このあたりが怪しい方は、下記の記事もご覧ください。
【法人税等は2種類ある?】税効果会計とは?シンガポールM&A専門家が分かりやすく解説!


アドバイザー報酬を「費用」として処理できるのかに加え、その費用が「損金算入されるか」については、
買い手企業、特に未上場会社であれば、いくら税金を支払うのかという点に大きく関わってくるため、みなさん気にされるポイントです。

結論からいうと、
下記の場合のみアドバイザリー報酬を費用として処理することができます。

【費用として処理できるが、損金にはできないケース】
株式買収を行った場合かつ、買い手企業が連結財務諸表を作っている場合
※税金は単体で支払うため、連結財務諸表上では費用にはなりますが、損金算入はされません

【費用として処理でき、損金にできるケース】
資産買収(事業譲受)を行った場合

アドバイザリー報酬を費用処理できるかについては、下記を覚えればOKです。

株式買収 資産買収(事業譲受)
単体財務諸表上 ①資産 ③費用(損金算入可)
連結財務諸表上 ②費用(損金算入不可) ④費用(損金算入可)

※アドバイザリー報酬の中でも、初期の案件検討段階で支払った報酬(着手金等)については株式買収・資産買収などのスキームは問わず、常に費用(損金)となります

次の章からは、圧倒的に事例の多い株式買収の①及び②の場合について、
具体的な処理を見ていきましょう。

のれん?子会社株式?連結処理?など怪しいところがある方は、ぜひ読んで確認してください。

①「株式買収」 × 「単体財務諸表上」の処理

単体の財務諸表しか作成していない日本企業が、株式買収を行った場合、
単体の財務諸表上はどのような処理が行われるのでしょうか。

のれん?子会社株式?ってなった人は問題解いてみてください。

問題を出しますので、それに答えていきながら、理解を深めてください。
では、問題です。

【問題①】
純資産100のA社を500円で買収しました。
単体財務諸表上での「のれん」はいくら?

正解は「0」です。

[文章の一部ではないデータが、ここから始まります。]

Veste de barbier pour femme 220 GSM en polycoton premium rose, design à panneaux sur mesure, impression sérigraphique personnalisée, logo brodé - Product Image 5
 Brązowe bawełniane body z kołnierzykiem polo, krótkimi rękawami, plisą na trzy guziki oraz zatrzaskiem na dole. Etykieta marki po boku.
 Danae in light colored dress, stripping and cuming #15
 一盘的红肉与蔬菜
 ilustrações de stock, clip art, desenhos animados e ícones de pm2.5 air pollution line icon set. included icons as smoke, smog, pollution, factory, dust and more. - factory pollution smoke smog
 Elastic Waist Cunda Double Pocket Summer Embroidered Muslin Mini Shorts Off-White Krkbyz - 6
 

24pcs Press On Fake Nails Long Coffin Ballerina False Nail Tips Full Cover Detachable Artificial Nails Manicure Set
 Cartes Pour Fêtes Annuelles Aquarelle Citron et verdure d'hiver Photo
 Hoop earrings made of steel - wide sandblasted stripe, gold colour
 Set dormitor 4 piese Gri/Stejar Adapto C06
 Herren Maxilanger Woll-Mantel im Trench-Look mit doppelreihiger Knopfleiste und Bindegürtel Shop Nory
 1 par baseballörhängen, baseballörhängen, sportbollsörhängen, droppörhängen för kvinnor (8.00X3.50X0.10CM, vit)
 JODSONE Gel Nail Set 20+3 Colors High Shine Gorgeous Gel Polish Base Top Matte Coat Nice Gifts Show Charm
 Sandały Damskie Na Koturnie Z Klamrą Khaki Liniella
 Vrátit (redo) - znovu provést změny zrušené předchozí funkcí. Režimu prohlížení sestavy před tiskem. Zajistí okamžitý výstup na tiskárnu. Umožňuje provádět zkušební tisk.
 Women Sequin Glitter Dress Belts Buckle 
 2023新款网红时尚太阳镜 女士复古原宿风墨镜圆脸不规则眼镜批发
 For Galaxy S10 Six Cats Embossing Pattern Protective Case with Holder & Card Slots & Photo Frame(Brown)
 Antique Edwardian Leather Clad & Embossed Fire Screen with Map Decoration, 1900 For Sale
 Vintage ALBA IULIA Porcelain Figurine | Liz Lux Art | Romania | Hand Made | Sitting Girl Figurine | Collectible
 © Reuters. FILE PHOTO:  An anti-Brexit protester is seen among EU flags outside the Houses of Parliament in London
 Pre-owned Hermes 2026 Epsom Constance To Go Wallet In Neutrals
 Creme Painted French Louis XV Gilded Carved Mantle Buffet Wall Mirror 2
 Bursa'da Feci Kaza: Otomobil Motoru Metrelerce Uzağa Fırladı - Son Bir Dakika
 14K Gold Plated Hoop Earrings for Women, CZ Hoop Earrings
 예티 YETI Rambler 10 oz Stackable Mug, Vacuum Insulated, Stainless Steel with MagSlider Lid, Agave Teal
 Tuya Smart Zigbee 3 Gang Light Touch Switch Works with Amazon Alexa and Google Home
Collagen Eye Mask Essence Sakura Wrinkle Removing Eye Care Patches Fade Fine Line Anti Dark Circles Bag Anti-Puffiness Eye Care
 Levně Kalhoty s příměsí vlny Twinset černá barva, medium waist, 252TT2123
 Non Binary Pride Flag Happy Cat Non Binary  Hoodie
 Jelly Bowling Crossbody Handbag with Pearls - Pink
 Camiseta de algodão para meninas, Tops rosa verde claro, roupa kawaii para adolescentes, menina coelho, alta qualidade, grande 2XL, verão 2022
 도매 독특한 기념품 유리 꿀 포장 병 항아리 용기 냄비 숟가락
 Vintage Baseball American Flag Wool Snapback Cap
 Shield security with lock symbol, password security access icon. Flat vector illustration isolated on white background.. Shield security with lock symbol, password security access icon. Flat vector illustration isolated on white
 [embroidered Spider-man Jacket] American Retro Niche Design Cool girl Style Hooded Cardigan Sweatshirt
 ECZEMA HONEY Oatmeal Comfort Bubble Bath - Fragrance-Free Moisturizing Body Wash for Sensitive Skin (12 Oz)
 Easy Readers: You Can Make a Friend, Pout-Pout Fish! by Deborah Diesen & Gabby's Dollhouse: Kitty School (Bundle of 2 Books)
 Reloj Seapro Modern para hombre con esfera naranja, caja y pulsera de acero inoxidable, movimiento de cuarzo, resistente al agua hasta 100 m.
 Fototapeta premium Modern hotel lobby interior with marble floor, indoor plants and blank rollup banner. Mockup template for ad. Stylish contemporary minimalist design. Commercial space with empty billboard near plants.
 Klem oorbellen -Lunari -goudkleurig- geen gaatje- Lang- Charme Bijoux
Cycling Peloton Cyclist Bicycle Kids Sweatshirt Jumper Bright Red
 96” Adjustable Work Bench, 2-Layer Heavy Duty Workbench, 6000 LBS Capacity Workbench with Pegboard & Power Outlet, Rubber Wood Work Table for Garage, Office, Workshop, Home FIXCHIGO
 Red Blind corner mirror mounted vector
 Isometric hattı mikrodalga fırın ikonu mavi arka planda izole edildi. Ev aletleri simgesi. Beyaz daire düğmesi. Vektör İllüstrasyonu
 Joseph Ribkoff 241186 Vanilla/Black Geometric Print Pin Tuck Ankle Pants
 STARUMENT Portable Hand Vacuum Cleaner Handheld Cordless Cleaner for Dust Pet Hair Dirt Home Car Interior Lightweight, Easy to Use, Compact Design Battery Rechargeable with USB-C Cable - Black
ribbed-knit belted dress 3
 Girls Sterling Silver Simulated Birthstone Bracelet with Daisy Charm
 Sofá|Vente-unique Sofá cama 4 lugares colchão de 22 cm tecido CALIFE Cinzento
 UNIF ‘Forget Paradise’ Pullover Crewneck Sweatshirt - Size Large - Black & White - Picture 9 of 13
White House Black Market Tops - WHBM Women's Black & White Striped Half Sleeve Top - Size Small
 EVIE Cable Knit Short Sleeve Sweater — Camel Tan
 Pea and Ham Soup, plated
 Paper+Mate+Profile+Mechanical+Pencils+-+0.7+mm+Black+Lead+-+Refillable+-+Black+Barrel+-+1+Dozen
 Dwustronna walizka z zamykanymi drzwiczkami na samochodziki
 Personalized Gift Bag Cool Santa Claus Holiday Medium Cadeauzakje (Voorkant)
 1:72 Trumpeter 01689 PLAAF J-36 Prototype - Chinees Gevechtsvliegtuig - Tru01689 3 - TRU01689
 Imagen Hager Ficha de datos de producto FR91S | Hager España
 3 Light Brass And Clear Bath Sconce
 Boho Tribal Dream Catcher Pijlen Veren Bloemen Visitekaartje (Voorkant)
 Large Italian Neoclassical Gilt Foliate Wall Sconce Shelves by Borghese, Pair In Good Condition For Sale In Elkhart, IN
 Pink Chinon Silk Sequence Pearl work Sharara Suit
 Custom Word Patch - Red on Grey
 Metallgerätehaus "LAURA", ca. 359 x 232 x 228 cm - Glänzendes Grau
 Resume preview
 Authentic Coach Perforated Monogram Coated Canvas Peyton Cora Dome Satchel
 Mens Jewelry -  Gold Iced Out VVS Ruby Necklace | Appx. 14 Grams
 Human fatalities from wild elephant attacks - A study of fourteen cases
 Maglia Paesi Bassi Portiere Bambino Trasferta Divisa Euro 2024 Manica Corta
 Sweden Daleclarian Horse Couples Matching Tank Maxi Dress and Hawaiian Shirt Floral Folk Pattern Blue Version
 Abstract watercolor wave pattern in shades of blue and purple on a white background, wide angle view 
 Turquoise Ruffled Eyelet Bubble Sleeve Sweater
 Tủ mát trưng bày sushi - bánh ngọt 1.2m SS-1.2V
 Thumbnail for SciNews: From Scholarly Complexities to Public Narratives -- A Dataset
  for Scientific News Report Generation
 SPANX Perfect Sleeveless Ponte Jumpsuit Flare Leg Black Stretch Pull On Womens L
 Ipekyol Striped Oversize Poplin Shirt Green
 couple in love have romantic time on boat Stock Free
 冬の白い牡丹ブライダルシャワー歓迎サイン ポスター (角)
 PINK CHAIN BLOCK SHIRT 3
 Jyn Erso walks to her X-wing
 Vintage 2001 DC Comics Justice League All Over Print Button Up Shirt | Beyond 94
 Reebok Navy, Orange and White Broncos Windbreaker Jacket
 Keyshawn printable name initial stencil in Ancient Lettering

単体の財務諸表上では「のれん」は発生しないですよね。
この点も良く勘違いする人がいるので注意してください。

仕訳としては、下記の通りです。

子会社株式(資産):500  /  現金:500

では理解してもらったと思いますので、次の問題です。

【問題②】
純資産100のA社を500円で買収しました。
その際、アドバイザリー報酬として200払いました。
単体財務諸表上での「のれん」はいくら?

答えとしては、しつこいですが、のれんは0です。
さっきと違う点は、アドバイザリー報酬が含まれている点です。

この場合の仕訳は下記の通りです。この仕訳をみれば、「資産として含める」という意味を分かっていただけるかと思います。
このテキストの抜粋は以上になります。